Old man with young girl

The main subject of my query is the current cultural mayhem over what’s moral sexual behaviour and what can be safely deemed as “harassment” without demonizing the sexuality of a particular subset of people. The main concern being specifically the age of consent and whether it should be lowered to 14 and a cultural commotion of sexualizing or objectifying young teenage girls. While I am familiar with some literature on male sexuality which says they have greater sex desire and desire for sexual variety and I completely want to respect this, but sometimes women are just reduced to their body parts and the desire in general as portrayed in media (outside of pornography) is also objectifying women. While this is true many arguments have otherwise insinuated that women themselves revel in wearing clothes, applying makeup and making themselves be sexually desirable and thus have no ground to cry about excessive sexualization and objectification, claims which have a truth to them. A clear manifestation of this dilemma is street harassment. Many women feel uncomfortable about stares and comments on their body on streets, but men don’t see the same behaviour as harassing when it happens to them, showing clearly that it is a female perception. Amidst all this mayhem, sir, I would like to know whether sexual objectification is actually real or is it a myth and if so then how can women stop feeling objectified or used for their bodies or harassed on streets.

Responses

  • Michael Castleman says:

    You suggest that the age of sexual consent might be lowered to 14. As I discuss in my recent book, Sizzling Sex for Life, age of consent was set as low as seven to 10 well into the 19th century for free-born people, with slaves (and most household servants) totally sexually available to their owners/employers at any age. By the 1870s, concerns about child sexual exploitation led much of Europe and most of the states in the U.S. to raise their age of consent to 16 to 18, where it is today. Should it be reduced? That’s a matter of opinion, but given the current prickliness of our culture regarding childhood sex abuse, I don’t see any state legislature reducing age of consent to 14.

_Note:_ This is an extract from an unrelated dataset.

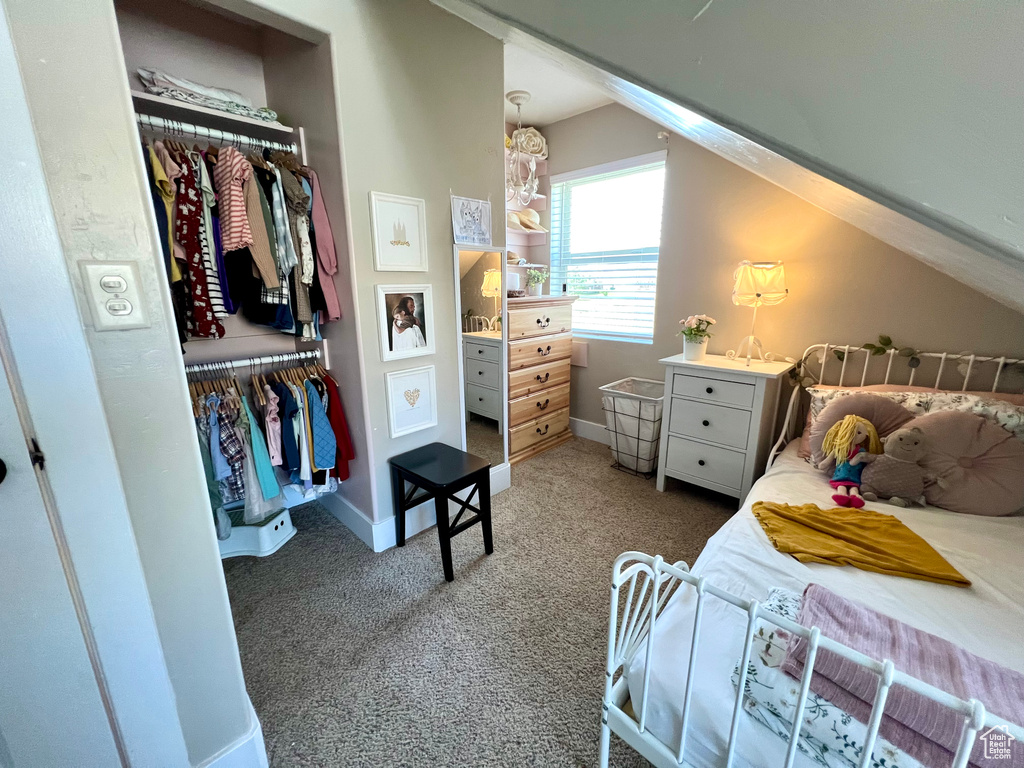 Bedroom with a closet, carpet, and lofted ceiling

    You ask how to avoid accusations of sexual harassment. It’s complicated and evolving. But I would say: Never make sexually loaded remarks on the street or anywhere to women you don’t know, or know only as acquaintances. In work situations, always deal with everyone professionally, and treat them with respect. And be sensitive to other people’s discomfort. If you suspect something you did or said made someone else uncomfortable in a sex/gender way, ask if you offended, and if you did, apologize immediately and do whatever is necessary not to make the same mistake again.